Washington City 17th. April 1816.
The undersigned consider it their duty to draw the attention of the Executive to the situation of the State of Tennessee, which they have the honor to represent, in regard to the Indian claim still existing to lands within its chartered limits.
The western section of the State embracing its whole width from North to South; and from the Mississippi to the Tennessee river, and towards the Southern part of the State across the latter river to the river Elk, containing about eight millions of acres is claimed by the Chickasaw Indians; none of whom, it is believed, reside thereon, and few if any use it even as hunting grounds, as the game is understood to be chiefly destroyed.
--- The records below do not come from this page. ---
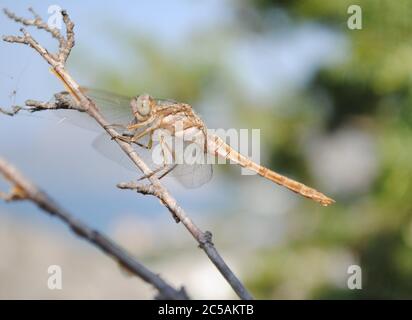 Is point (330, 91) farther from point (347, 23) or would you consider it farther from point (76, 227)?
point (76, 227)

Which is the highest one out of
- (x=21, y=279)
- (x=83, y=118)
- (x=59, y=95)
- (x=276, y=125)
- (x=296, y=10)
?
(x=296, y=10)

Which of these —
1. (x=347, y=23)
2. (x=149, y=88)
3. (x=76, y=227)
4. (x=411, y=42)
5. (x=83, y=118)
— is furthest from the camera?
(x=149, y=88)

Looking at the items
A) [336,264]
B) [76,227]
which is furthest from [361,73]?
[76,227]

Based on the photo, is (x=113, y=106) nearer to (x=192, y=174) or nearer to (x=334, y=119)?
(x=192, y=174)

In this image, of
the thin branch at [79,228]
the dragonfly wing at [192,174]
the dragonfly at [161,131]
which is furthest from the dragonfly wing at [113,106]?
the thin branch at [79,228]

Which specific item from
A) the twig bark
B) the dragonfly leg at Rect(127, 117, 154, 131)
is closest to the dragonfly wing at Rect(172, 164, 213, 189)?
the dragonfly leg at Rect(127, 117, 154, 131)

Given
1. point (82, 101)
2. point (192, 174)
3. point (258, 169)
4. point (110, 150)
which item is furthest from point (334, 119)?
point (82, 101)

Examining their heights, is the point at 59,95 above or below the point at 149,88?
below

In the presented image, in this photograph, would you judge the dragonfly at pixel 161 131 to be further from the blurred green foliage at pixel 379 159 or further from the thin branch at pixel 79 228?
the blurred green foliage at pixel 379 159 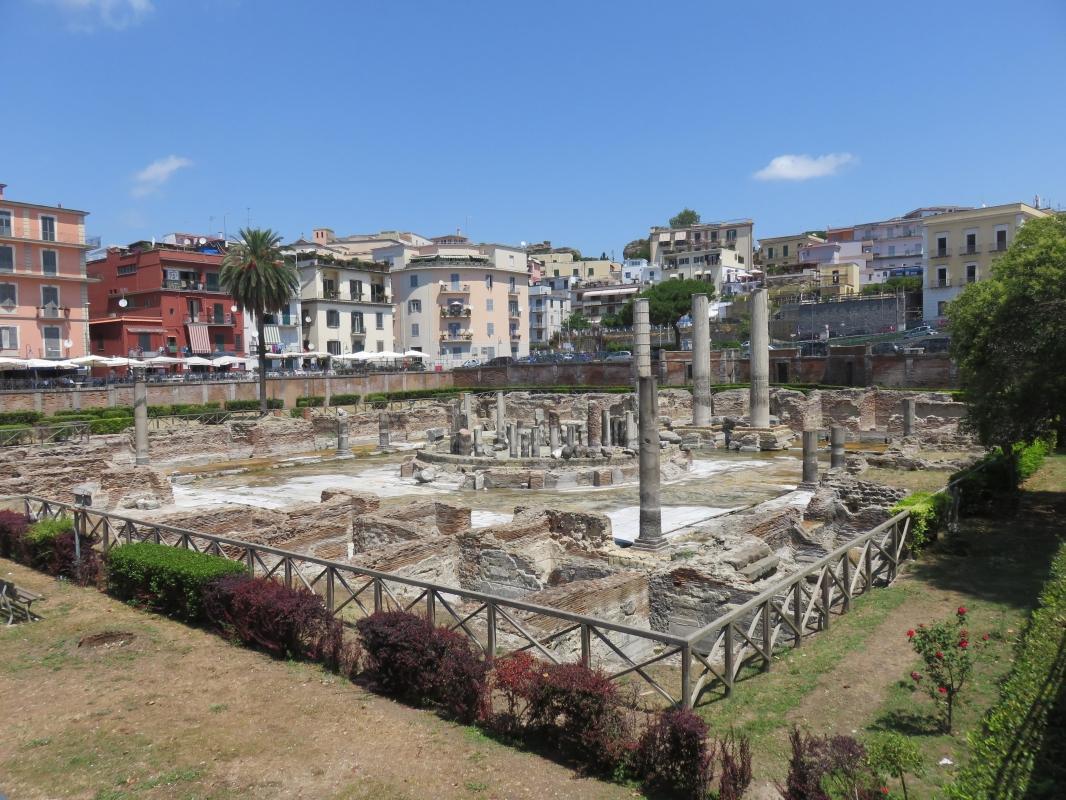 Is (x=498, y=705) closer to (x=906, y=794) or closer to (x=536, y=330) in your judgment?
(x=906, y=794)

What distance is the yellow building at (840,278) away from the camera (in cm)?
8975

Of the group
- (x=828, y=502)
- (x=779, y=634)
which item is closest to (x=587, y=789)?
(x=779, y=634)

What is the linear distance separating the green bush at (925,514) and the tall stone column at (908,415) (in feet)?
80.8

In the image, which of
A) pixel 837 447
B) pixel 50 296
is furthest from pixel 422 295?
pixel 837 447

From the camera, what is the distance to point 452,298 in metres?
79.7

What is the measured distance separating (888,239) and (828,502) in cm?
9304

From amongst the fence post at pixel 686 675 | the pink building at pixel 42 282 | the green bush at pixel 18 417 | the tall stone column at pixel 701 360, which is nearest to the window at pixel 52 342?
the pink building at pixel 42 282

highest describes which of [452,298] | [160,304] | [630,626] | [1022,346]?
[452,298]

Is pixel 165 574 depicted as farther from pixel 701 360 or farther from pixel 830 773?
pixel 701 360

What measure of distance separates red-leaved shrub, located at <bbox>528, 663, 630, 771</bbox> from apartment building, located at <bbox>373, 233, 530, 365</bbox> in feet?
237

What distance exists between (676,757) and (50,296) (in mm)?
57691

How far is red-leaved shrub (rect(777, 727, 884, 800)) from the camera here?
6305mm

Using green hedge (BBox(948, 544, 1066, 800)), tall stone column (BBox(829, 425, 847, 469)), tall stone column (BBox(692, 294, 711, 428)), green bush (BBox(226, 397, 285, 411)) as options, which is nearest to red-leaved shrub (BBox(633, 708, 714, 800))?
green hedge (BBox(948, 544, 1066, 800))

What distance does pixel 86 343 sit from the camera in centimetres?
5484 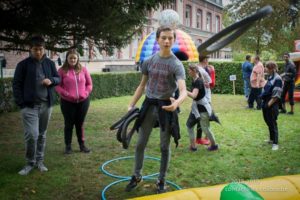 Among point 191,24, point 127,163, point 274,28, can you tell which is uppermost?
point 191,24

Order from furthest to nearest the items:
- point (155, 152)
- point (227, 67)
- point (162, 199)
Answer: point (227, 67) → point (155, 152) → point (162, 199)

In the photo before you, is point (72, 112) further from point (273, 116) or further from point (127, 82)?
point (127, 82)

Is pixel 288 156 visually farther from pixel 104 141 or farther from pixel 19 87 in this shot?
pixel 19 87

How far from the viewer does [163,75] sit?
416 cm

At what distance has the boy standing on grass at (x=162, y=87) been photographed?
4.13 m

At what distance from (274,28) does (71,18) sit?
18129 millimetres

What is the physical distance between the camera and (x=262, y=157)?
628 cm

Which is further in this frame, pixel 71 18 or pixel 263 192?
pixel 71 18

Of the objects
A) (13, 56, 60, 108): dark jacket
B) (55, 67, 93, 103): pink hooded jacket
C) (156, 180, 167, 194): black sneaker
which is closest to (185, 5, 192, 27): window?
(55, 67, 93, 103): pink hooded jacket

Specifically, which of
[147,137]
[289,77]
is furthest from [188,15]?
[147,137]

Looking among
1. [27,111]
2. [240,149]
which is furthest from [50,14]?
[240,149]

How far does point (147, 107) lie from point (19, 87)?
190cm

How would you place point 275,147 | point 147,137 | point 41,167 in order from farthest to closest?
1. point 275,147
2. point 41,167
3. point 147,137

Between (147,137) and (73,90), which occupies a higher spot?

A great portion of this tract was granted by the State of North Carolina to individuals more than twenty five years ago; whose rights are guaranteed to the holders by the act of cession made by that State of the territory now composing the State of Tennessee to the United States.
The undersigned forbear to dwell on the great inconvenience and loss which individual claimants experience by being deprived of the use and benefit of their lands for so many years; as well as the risk they run of losing them entirely on account of not being able to identify their boundaries by reason of the land marks being destroyed by time and accidents.
The South Eastern section of the State, extending across the Tennessee river, and reaching to the heart of the present settlements, containing nearly four millions of acres, a part of which has also been granted to individuals in the manner above stated, is claimed by the Cherokees; few of whom reside thereon; especially North of the Tennessee river; and the game is said to be so destroyed as to be of little or no value.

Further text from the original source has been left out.